Adesso le chiamano doggy bag... ma é giusto ?

Adesso le chiamano doggy bag... ma é giusto ?

"Doggy bag" coé "borsa per il cagnetto", se traduco correttamente. L'idea di fondo é quella di portarsi via ciò che é avanzato del proprio cibo in un locale pubblico, per evitare che sia sprecato gettandolo nell'immondizia.

A parte il fatto che se é cibo buono e pure costoso, col càcchio che lo dò al cagnetto: me lo voglio pappare io!
Al cagnetto darò i suoi soliti croccantini...

Comunque:

http://www.greenbiz.it/rifiuti/imballaggi/13250-doggy-bag-design

Addio soggezione con le doggy bag di design contro gli sprechi alimentari
Nessuno dovrà più sentirsi in soggezione nel portare a casa quanto rimasto a fine pasto. La doggy bag diventa di design con il progetto "Doggy Bag - Se avanzo mangiatemi", che ha lo scopo di ridurre le quantità di alimenti gettati e di stimolare un cambio di mentalità nei ristoratori e nei clienti.

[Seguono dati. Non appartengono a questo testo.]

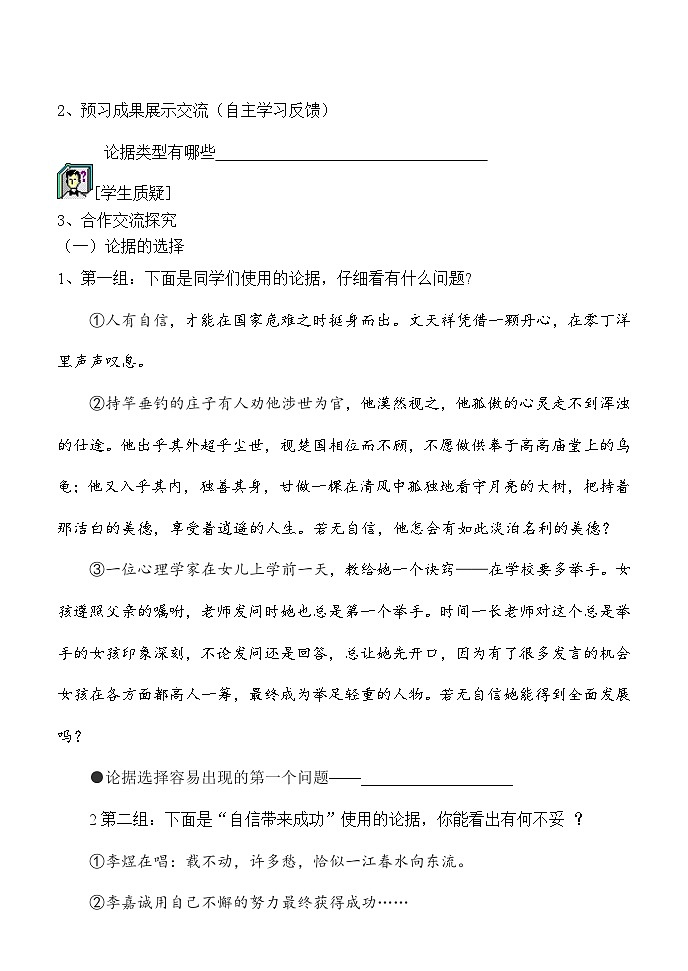 人教版 (新课标)高中语文 必修三《学会宽容__学习选择和使用论据》导学案第2页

Sono tante, troppe, le tonnellate di cibo che ogni giorno vengono buttate via in tutto il mondo e Milano non fa eccezione. E grande è la quantità di alimenti che ogni giorno rimane nei piatti e viene riportata in cucina nei ristoranti del capoluogo lombardo. Il triste destino di queste pietanze è finire nell'immondizia e andare ad accrescere le già grandi montagne di rifiuti che provengono dagli avanzi alimentari.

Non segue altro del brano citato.